You may need a lot more than nails, screws, tape, corner bead, and joint compound to drywall. In addition to the specialized tools above, you have a choice of gypsum materials. The residential range includes ¼-inch panels for resurfacing existing walls to 5/8-inch panels for heavy-duty applications. There are also special board treatments, for example, a fire-code board that makes sense in utility rooms, and a moisture-resistant board for kitchens and baths.
|Drywall Panels||For 4×8 panels: divide room perimeter by 4, deduct about 1/3 sheet for a door, and ¼ sheet for window|
|Joint Compound||About 1 gal. per 100 sq. ft. of drywall|
|Joint tape||About 400 ft. per 500 sq. ft. of drywall|
|Nails or screws||About 1 fastener per sq. ft.|
Nailing up drywall doesn’t require much skill, but covering the seams to create a smooth, continuous surface does. Pros make finishing drywall look easier than it really is, but with a little practice, and by avoiding common mistakes, do-it-yourself can get good results, too.
Don’t take shortcuts or rush the job. Taping should be done in three stages. Trying to get by with two thick coats can cause the compound to take too long to dry, shrink excessively, crack, or droop. Failure to allow enough drying can have similar effects.

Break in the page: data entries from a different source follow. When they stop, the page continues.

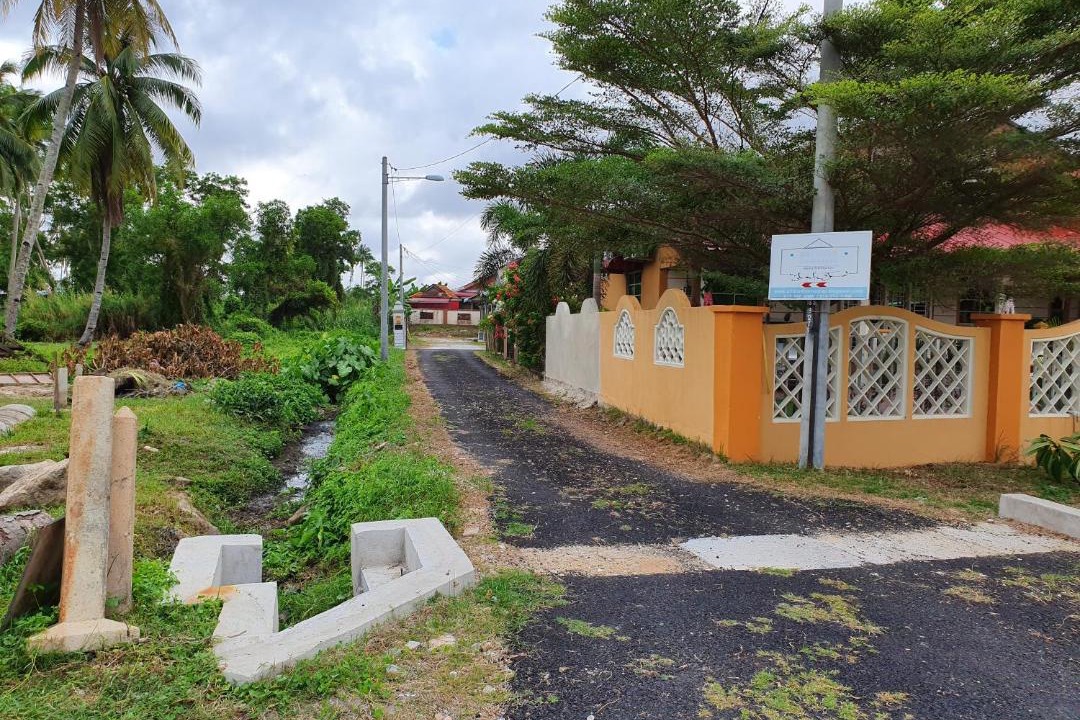 Photo of Others in Kampung Gong Datok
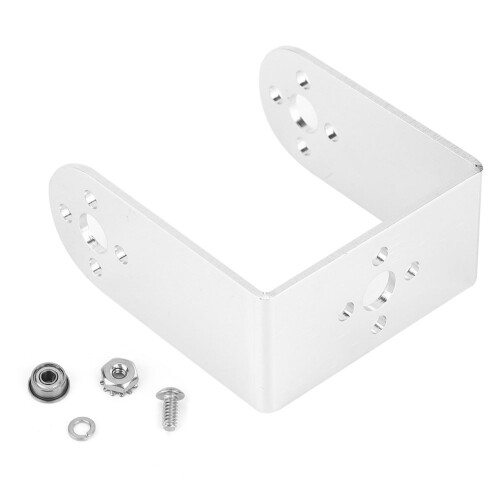 Wireless CCTV Security Camera IP 1080P Night Vision Weatherproof White 1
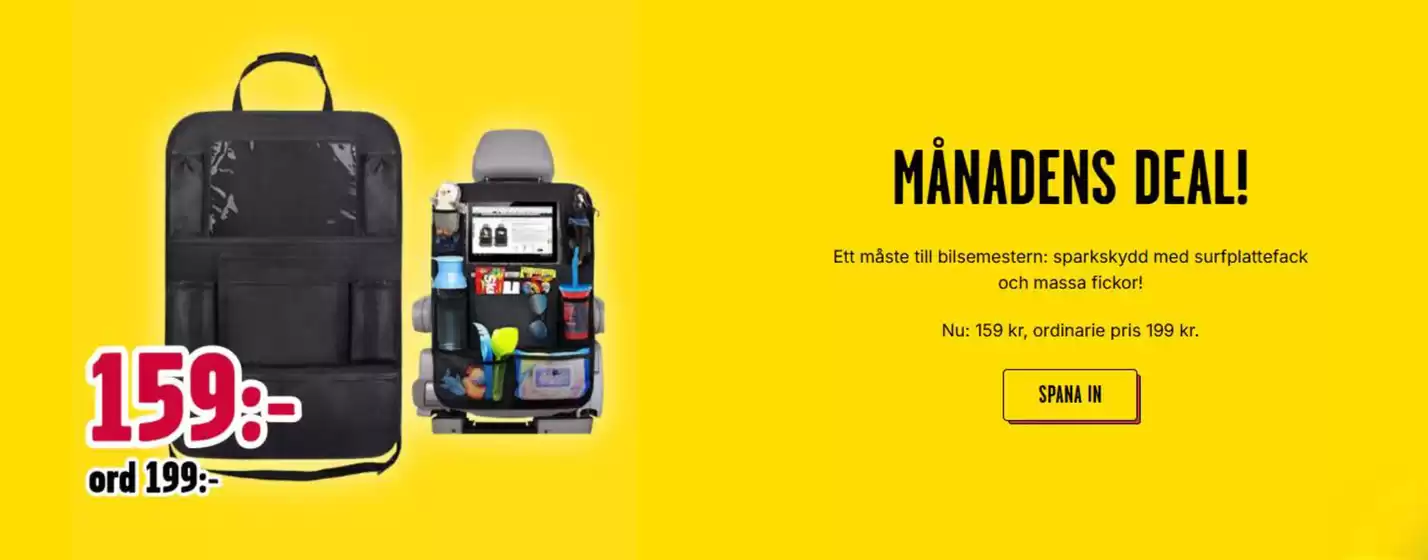 Teknikmagasinet-katalog | MÅNADENS DEAL! | 2026-06-04T00:00:00.000Z - 2026-06-30T00:00:00.000Z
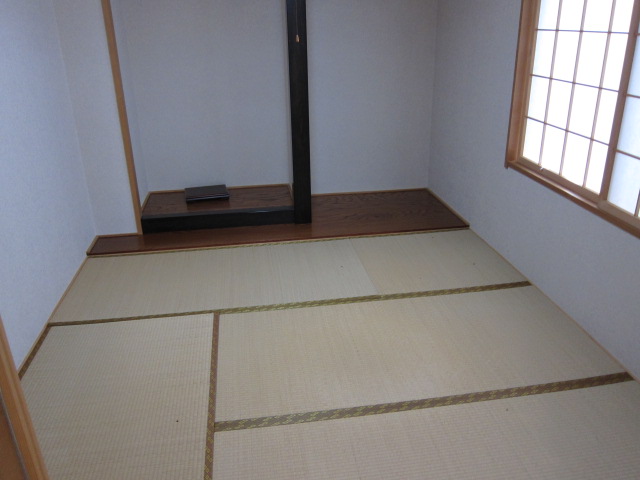 Other room space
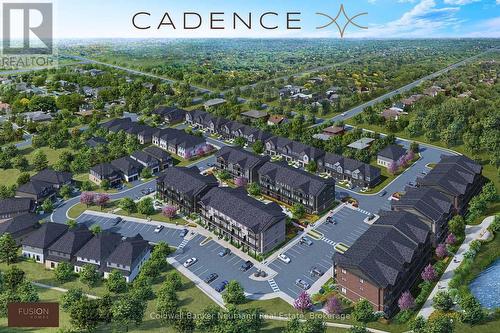 16 Cadence Common, Cambridge, ON - Outdoor With View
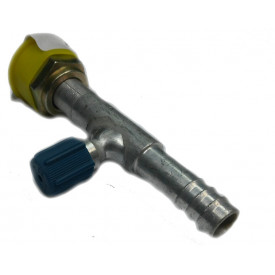 ORING #10 ,FOR,QUI.COUPL,STRAIGHT "OMEGA"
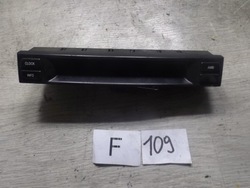 Дисплей манометр mazda 6 ca-dm4592ak фото №1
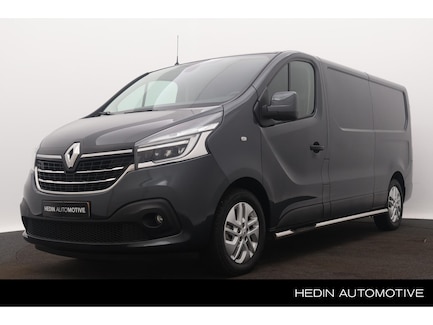 Renault Trafic 0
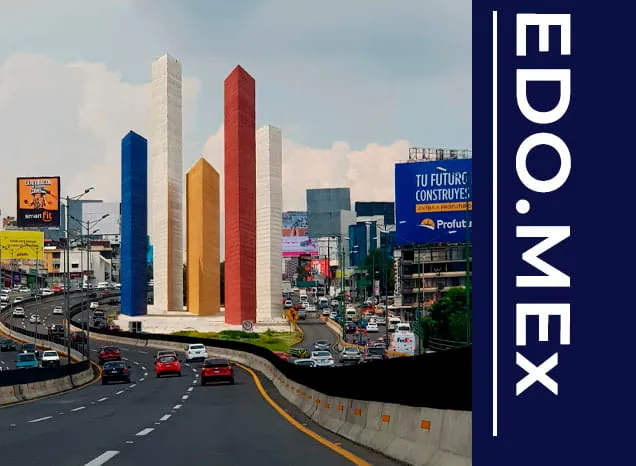 Lazzar Naucalpan, Estado de México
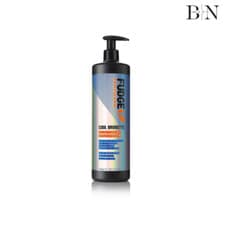 Image of Fudge Cool Brunette Blue Toning Conditioner - 1000ml - (WORTH £42.99)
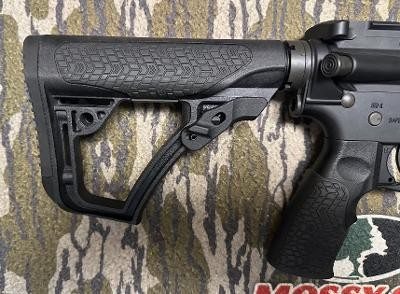 DANIEL DEFENSE DDM4 5.56X45MM NATO - Image 2 of 9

Gaps at the seams between sheets should never be wider than 1/8 inch. If you try to fill a larger gap, the joint will likely fail. Drywall is cheap—take down the poorly fit piece and install a new one correctly. And don’t use dehydrated joint compound or a mix that has been stored in freezing temperatures.
When smoothing out compound, the knife blade must ride smoothly on the drywall surface. When a knife nicks a nail-head or other imperfection, a ridge appears in the compound. So before applying the compound, go over the surface with a wide knife to locate any culprits. Give each nail a final, solid thump-don’t break the paper but do leave a dimple-and trim any small tears away with a utility knife.
Taping drywall joints
Knife blades must be clean when you start and throughout the process. One hardened speck on the blade will leave a distinctive groove, requiring extra spacing and sanding. Don’t allow debris or hardened specks to ruin the mix, and don’t dip a dirty knife in the bucket of compound-use a hawk or mud pan to hold a working supply. Scrape the compound off the b lade before each smoothing stroke.

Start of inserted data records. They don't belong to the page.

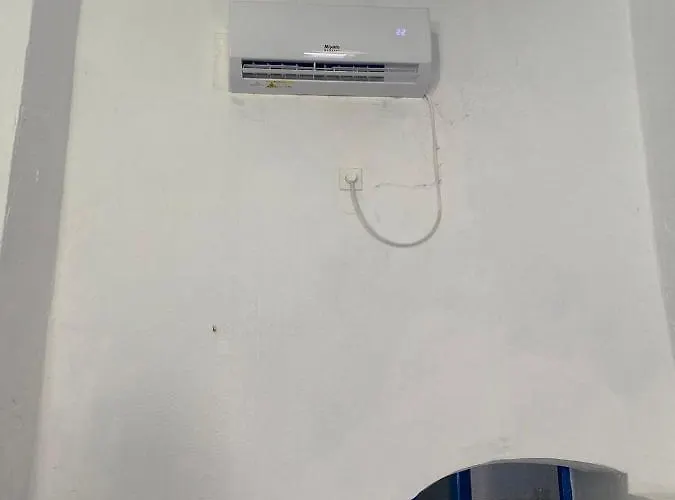 Poudras Amazing View Caldera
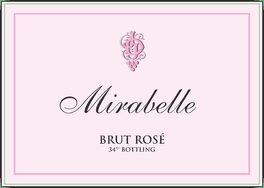 Brut Rose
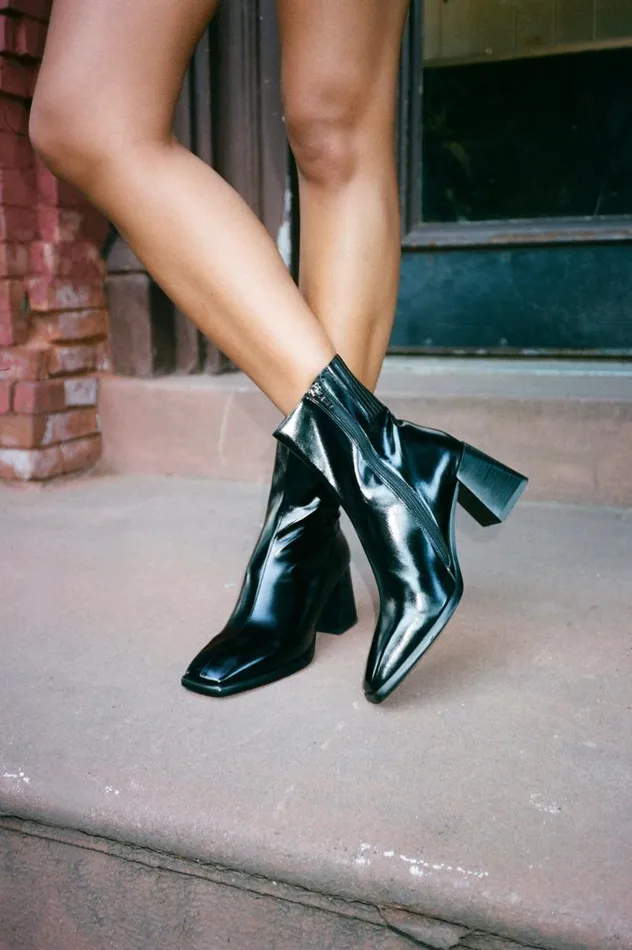 Women Jeffrey Campbell Ankle To Mid Sherpal2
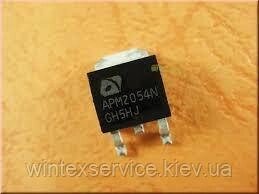 Транзистор APM2054N від компанії Сервісний центр WINTEX - фото 1
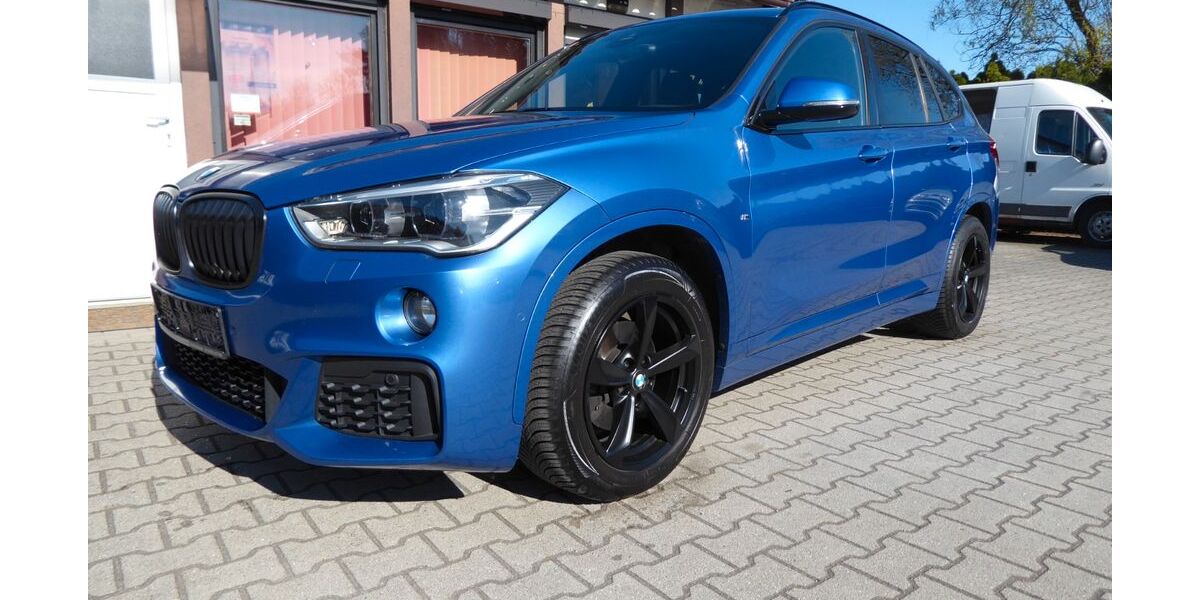 BMW X1 215.000 km 12.998 &euro; Weißwasser 02943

Any dry spots under the tape are likely to bubble under successive coats. The key is to watch for a continuous and uniform color changes as you smooth the tape. Also avoid running the blade over a seam again and again. You will remove too much compound.
Imperfections not reduced by scraping or standing will cause problems in successive coats. But don’t over-sand , or you’ll scuff up the paper tape and drywall surface paper. That furry result persists through finishing and painting.

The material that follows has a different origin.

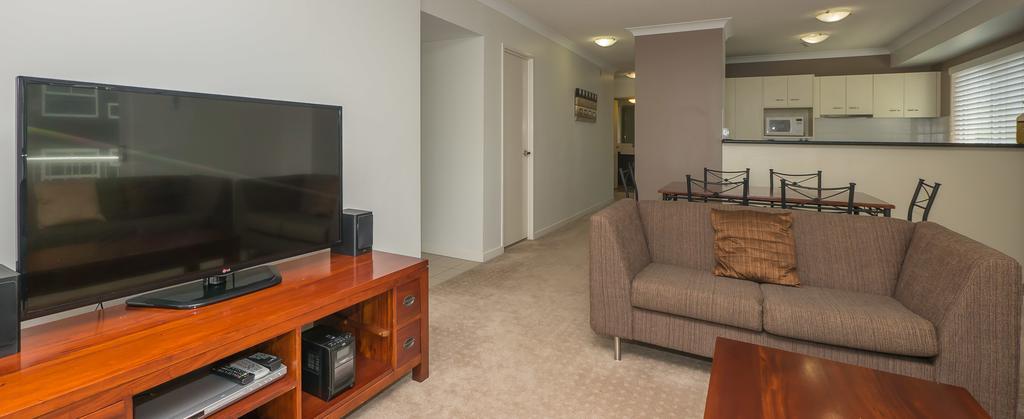 Founda Gardens Apartments Brisbane Dış mekan fotoğraf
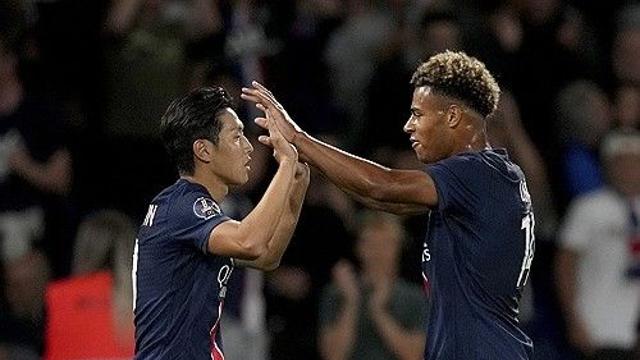 '날 교체투입?' KING 이강인 2호골 폭발…몽펠리에전 6-0 대승, 주전 경쟁 '청신호'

Drywall is tough, but it can be torn, chipped, cracked, or even punctured accidentally, especially when moving furniture around. Large holes require more time and effort to fix, but you can make minor repairs quickly with only a few simple tools. For example, a deep scrape sometimes tears the surface paper on the wallboard. The first step is to remove any loose or frayed paper facing by neatly trimming the paper to a straight edge with a utility knife. Then fill in the shallow paperless section with compound.
Many house frames moves enough seasonally to disrupt drywall joints on a regular basis. If standard taping hasn’t held in the past, try an-other approach. Instead of using fiberglass mesh tape (popular with do-it- yourselfers because it is easier to apply) and conventional all-purpose joint compound, use paper reinforcing tape and setting-type joint compound (powder). Although it’s tricky to mix correctly and harder to work with because it dries so fast, you will get a harder and more durable bond, which reduces the chance of the crack reoccurring.
Start by removing any reinforcing tape and scraping out the crack. Fill the crack, and embed the tape with setting compound. Then, if you want, use ready-mix for the next two coats if cracks like these persist at the ceiling.